コラム
仁科友里の「女のためのテレビ深読み週報」

『しくじり先生』で泣いた高橋ジョージから考える、三船美佳が“離婚を言い渡した”ワケ

2016/11/03 21:00
高橋ジョージ公式プロフィールより

羨望、嫉妬、嫌悪、共感、慈愛――私たちの心のどこかを刺激する人気芸能人たち。ライター・仁科友里が、そんな芸能人の発言にくすぐられる“女心の深層”を暴きます。

<今回の芸能人>
「何でもない“ような”、この3文字こそが幸せの肝」高橋ジョージ
『しくじり先生 俺みたいになるな!!』(テレビ朝日系、10月31日)

 “夫婦関係”をテーマに扱うバラエティ番組が数多くあるということは、離婚を経験した芸能人にとっては、一種のビジネスチャンスだろう。ただし、離婚ネタでメシが食えるのは、世論を味方にできる(例:相手に不倫をされた)人か、自分に非があると認め、反省している人である。モラルハラスメントが原因で三船美佳に離婚を言い渡されたとされる高橋ジョージは、後者のパターンを選択したようだ。10月31日放送の『しくじり先生 俺みたいになるな!!』(テレビ朝日系)に出演し、モラハラの有無については触れなかったものの、「自分が全部悪い」と反省する姿を見せた。高橋は離婚の原因を「強烈にしつこい性格」と自己分析したが、番組を通して見た私の印象は、「しつこい」というより、「上下関係にこだわる」「上から目線がきつい」だった。
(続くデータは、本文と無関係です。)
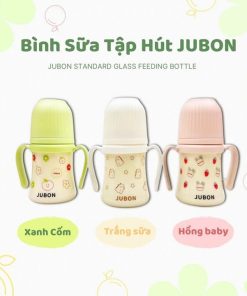 Bình Sữa Jubon Cho Bé Tập Hút Có Tay Cầm Size 180ml Và 280ml Jb004 – Lady’s Passion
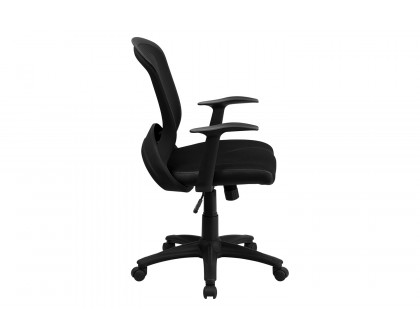 BLNK - Manny Mid-Back Designer Mesh Swivel Task Office Chair with Arms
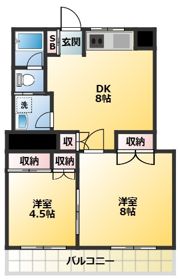 雪ヶ谷メゾンネージュの間取り画像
 バラエティ番組に出る、まして自らの“しくじり”を話すのは、人から“笑われる”ことである。しかし、高橋は“笑われる”ことを良しとしない。例えば、離婚の原因を「しつこい」と自己分析した際、レギュラー出演している平成ノブシコブシ・吉村崇に「(高橋は)バラエティに出てる時も、コメントに食らいついて盛り上がるまでしゃべる」と同調されたところ、ムッとして「これ(俺の発言)に乗っかって、(好き勝手)言わないように」と忠告していた。モラハラのイメージを払拭するためにバラエティに出ているのだとしたら、この返しは逆効果ではないだろうか。

 番組は、高橋の人生を辿る形で進行する。高橋は、「トラブル」というバンドで念願のメジャーデビューを果たす。当時はCMとのタイアップ曲がヒットする時代だったので、「トラブル」という名前ではスポンサーの心証が悪く、バンド名の変更をレコード会社に求められたという。当時の高橋は、「なんで音楽を知らない大学出のおまえらに言われなきゃいけないんだ」と思ったそうだが、レコード会社は彼らを売り込みやすくするための手段として、バンド名の変更を求めたのであって、学歴は関係ない。

 上下関係にこだわるエピソードは続く。「(三船は)臆することなく、自分の意見を言う」「子どもができるまで、俺の名前を呼び捨てだった」そうで、高橋はそれを「可愛く見えても、腹は立たない」と言っていた。しかし、これは逆に「そんな妻の態度を許してやる度量の広いオレ」アピールに見えてしまった。つまりこの発言は、「妻は自分の意見を言ったり、夫の名前を呼び捨てにしてはいけない」という考えから来ているのではないだろうか。「24歳離れていたら、ケンカにならないと思った」とも言っていたが、年齢差がいくつあろうと、違う人間同士なのだから、意見が違うのも当たり前とは思わないようである。

 終始そんな姿勢の高橋だけに、「既婚女性の45%が離婚を考えたことがある」というデータを示し、「女性の離婚に対する意識が高まっている」と分析していたその言い草も、私には「結婚したら、離婚するべきではない」「女から、離婚を言い出すなんて」と聞こえてしまった。